- Directed by: Maclean Rogers
- Written by: Kathleen Butler H. F. Maltby Elsie Waters Doris Waters Harry Gibbs
- Produced by: F.W. Baker
- Starring: Elsie Waters Doris Waters Iris Vandeleur
- Cinematography: Jack Parker Stephen Dade
- Edited by: Charles Knott
- Music by: Percival Mackey
- Production company: Butcher's Film Service
- Distributed by: Butcher's Film Service
- Release date: August 1942;
- Running time: 85 minutes
- Country: United Kingdom
- Language: English

= Gert and Daisy Clean Up =

1942 British film by Maclean Rogers

Gert and Daisy Clean Up is a 1942 British comedy film directed by Maclean Rogers and starring Elsie Waters, Doris Waters and Iris Vandeleur. It was written by Kathleen Butler and H. F. Maltby, with additional dialogue by Elsie and Doris Waters and Harry Gibbs.

==Plot==
Gert and Daisy are working in a restaurant but are sacked when the mayor is served yellow soap instead of cheese. They subsequently expose the black-marketing activities of local grocer Mr Perry.

==Cast==
- Elsie Waters as Gert
- Doris Waters as Daisy
- Iris Vandeleur as Ma Butler
- Elizabeth Hunt as Hettie
- Toni Edgar-Bruce as Mrs. Wilberforce
- Joss Ambler as Mr. Perry
- Ralph Michael as Jack Gregory
- Uriel Porter as Snow White
- Harry Herbert as Old Cheerful
- Angela Glynne as girl
- Arthur Hambling as PC Albert Green
- Johnnie Schofield as policeman on night duty
- Douglas Stewart as mayor
- David Trickett as boy

== Production ==
The film's sets were designed by the art director Andrew Mazzei. It was shot at the Riverside Studios in Hammersmith.

==Reception==
The Monthly Film Bulletin wrote: "A good rollicking farce into which a very topical message has been adroitly sandwiched. Elsie and Doris Waters give a characteristically buoyant performance as Gert and Daisy and they are supported by a cast who are at the same time very amusing and most naturally human.
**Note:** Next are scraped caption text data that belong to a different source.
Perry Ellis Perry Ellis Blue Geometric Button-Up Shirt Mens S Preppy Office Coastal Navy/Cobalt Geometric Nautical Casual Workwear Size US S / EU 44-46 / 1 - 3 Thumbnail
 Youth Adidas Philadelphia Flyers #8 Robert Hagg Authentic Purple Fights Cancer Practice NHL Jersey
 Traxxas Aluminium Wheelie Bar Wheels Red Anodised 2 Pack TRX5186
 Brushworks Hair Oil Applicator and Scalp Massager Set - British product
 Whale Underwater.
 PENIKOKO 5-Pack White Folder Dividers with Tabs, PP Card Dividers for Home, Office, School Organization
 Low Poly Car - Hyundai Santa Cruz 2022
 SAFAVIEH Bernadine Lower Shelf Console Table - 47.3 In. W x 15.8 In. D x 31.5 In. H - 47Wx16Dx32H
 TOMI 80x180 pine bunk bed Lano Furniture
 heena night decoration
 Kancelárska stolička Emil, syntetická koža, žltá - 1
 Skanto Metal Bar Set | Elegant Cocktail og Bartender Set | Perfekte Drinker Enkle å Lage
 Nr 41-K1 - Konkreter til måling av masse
The film is efficiently directed and produced and the inclusion of several boisterous songs from Gert and Daisy and a negro spiritual, sung in a truly Robesonesque fashion by Uriel Porter, adds to its general appeal."

Picture Show wrote: "Good, clean fun is provided by the latest adventures of Gert and Daisy which provide a comical commentary on war-time domestic life ... Elsie and Doris Waters are the life and soul of the film, and there is no lack of comedy situations and.typical repartee, and one or two catchy songs."

In British Sound Films: The Studio Years 1928–1959 David Quinlan rated the film as "average", writing: "Rumbustuous farce with ebullient performances from the stars."